Il racconto biblico pone dinanzi agli occhi del lettore diverse realtà o attraverso descrizioni minuziose, quali ad es. le dimensioni del Tempio e del suo arredo (cfr. Es 25-31; vd. anche Ez 40-45) secondo il modello che Mosè vede (25,9.40; 26,30; 27,8), o attraverso visioni apocalittiche di esseri celesti o di animali straordinari (cfr. Dn 7-8; Zc 1-6; l’intero libro dell’Apocalisse), oppure attraverso dettagli che costituiscono un’ellissi narrativa, come nel caso della tunica di Giuseppe in Gen 37,3 o quella di Gesù in Gv 19,23, della brocca abbandonata della Samaritana in Gv 4,28, del mantello di sacco di Rizpa in 2Sam 21,10. Il corpo della voce, in tal caso, è dato dall’assenza del corpo stesso nel momento in cui le si concede di averlo. Poiché di essa non è possibile farsi una temûnāh, essa permane, vista e udita, solo in quel «noli me tangere» (Gv 20,17 secondo la Vg).
Se la speranza segue alla fede, che si configura come stabilità in colui alla cui parola ci si abbandona senza riserve, ed alla carità, intesa come servizio ai fratelli nel mondo (cfr.

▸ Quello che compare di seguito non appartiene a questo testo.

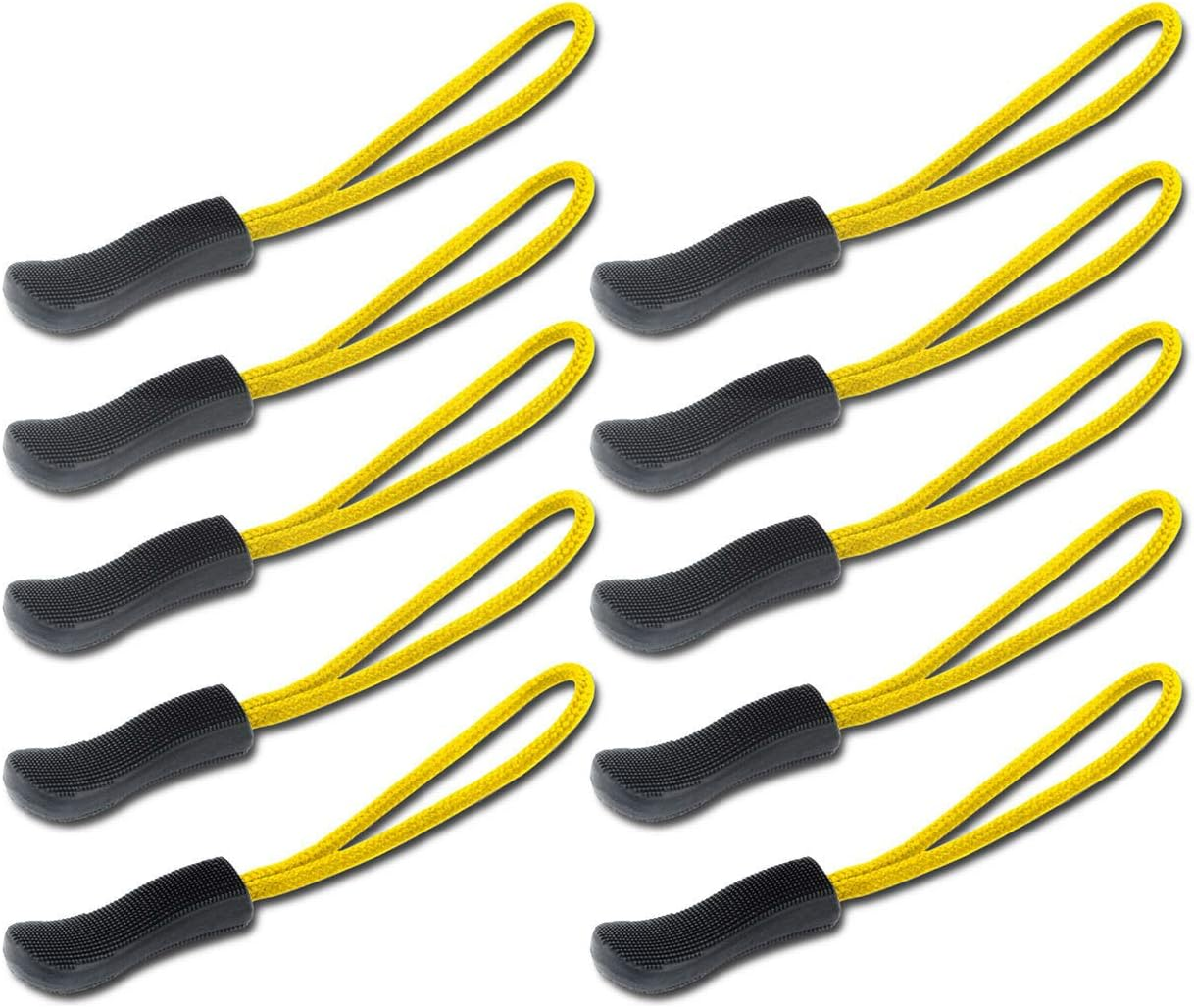 DYZD Durable Zipper Pulls, Tab Tags, Cord Pulls, Extension Zip Fixer for Backpacks, Jackets, Luggage, Purses, Handbags (Blue, 20 PCS) image number 4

Col 1,1-6), l’arte ne diviene, pertanto, l’espressione tutta umana che anela ad un oltre: nel segno, essa esprime il desiderio di un al-di-là mentre abita pienamente l’al-di-qua, il quale ultimo può configurarsi come una prigione (il caso di Raḥab) che sola, tuttavia, può riparare dal male e porre in attesa.